Thanks to the efforts of IGTOA and the support of our member companies, the quality of guiding in the Galapagos Islands is primed to take a huge leap forward in 2016 and beyond.

Last November, IGTOA spearheaded a pioneering approach to training guides in the Galapagos Islands. The goal was simple: rather than bring in experts to train a handful of guides and then leave, IGTOA wanted to build a foundation for guiding excellence that would have a profound and lasting impact in the islands. The association set out to build a system that would allow the more than 300 active guides in the Galapagos to receive world-class training, markedly improving their guiding skills and ultimately enhancing the quality of the visitor experience in the islands for years to come.  To achieve this lofty goal, IGTOA partnered with Dr. Sam Ham and Tom O’Brien, two of the world’s foremost guide-training authorities, and WWF Ecuador and the Galapagos National Park Directorate (GNPD) to teach 10 elite Galapagos guides to become first-rate trainers themselves.   
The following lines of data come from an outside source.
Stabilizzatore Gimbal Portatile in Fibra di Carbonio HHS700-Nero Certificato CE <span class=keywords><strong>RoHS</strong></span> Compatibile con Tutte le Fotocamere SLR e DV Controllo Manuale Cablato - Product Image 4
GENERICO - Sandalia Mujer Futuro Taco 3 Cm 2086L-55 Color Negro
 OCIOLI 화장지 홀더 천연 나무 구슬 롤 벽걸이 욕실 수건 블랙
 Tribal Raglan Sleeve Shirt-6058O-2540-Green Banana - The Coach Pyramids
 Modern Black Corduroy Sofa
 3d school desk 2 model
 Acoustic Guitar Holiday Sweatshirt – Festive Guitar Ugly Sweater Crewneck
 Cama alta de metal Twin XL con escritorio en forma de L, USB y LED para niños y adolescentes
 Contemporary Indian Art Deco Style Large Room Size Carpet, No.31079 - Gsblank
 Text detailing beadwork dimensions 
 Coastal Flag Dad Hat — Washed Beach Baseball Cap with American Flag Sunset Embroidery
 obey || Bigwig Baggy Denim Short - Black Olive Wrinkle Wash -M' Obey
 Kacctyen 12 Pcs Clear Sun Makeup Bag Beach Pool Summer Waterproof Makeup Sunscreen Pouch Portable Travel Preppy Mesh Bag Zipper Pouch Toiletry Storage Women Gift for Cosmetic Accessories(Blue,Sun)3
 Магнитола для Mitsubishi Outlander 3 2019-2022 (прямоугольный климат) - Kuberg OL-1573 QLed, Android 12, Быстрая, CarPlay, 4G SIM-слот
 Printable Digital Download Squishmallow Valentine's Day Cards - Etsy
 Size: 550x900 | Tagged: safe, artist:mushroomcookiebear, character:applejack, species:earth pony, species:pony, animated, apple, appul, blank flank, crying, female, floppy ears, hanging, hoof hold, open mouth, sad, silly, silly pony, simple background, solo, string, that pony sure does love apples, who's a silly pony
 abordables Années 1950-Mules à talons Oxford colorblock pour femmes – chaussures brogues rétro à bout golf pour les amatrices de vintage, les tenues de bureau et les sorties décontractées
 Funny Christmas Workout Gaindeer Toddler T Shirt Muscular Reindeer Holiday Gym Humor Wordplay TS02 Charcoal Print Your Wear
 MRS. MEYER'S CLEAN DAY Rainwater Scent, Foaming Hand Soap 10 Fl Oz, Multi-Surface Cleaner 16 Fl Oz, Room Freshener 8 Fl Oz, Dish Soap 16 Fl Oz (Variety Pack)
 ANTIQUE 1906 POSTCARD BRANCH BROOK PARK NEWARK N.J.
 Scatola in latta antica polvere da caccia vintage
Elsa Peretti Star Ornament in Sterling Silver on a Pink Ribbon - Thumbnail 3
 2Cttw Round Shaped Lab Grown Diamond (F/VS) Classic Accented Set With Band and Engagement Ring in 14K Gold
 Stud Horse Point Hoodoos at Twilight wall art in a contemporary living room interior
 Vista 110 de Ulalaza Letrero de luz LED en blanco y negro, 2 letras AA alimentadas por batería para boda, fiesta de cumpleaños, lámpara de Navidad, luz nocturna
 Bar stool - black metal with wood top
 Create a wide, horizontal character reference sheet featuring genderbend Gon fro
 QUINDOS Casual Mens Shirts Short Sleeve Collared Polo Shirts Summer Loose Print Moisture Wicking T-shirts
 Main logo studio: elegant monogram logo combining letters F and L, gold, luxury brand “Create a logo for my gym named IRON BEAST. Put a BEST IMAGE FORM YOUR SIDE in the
This “Training the Trainers” course occurred from November 2 to November 10, 2015. The first week took place in a classroom in Puerto Ayora on the island of Santa Cruz. Almost all of the guides who were chosen to participate had attended IGTOA’s 2013 guide-training course (“Five Star Guiding in Five Days”) and were identified as standouts by Sam, Tom, and Jim Lutz, IGTOA’s board president, who has been the driving force behind this endeavor. Along with representatives from WWF Ecuador and the GNPD, I was on hand to observe and help out as needed. 

The curriculum focused on how to teach the concept of “thematic interpretation,” which involves creating strong, relevant, central themes to structure communications with guests. Dr. Ham literally wrote the book on this topic. His seminal work Environmental Interpretation is considered a guide-training classic and is used by the U.S. National Park Service and other agencies around the world, as well as by naturalist guides, zoo and museum educators, docents, park rangers and other professional communicators. Studies have consistently shown that this approach increases the likelihood that guests will be provoked to think about important issues related to the destination and, in turn, will be more likely to actively support conservation efforts there. In addition to thematic interpretation, the curriculum also addressed how to teach best practices in guiding, including voice projection, professionalism, and understanding the needs and expectations of guests. 

The second week of the course consisted of a practicum in which would-be trainers were charged with creating their own training plan and teaching other national park guides to use thematic interpretation and the other guiding skills learned during the previous week. There were two full-day training courses, one in Puerto Ayora and the other in the town of Puerto Baquerizo Moreno on the island of San Cristobal. Each class consisted of 20 to 25 local Galapagos guides who volunteered to be trained by their colleagues under the direction of Sam, Tom, Jim Lutz and IGTOA board member Todd Smith, who is an accomplished guide trainer. The feedback from both the trainers and the local guides was effusively positive.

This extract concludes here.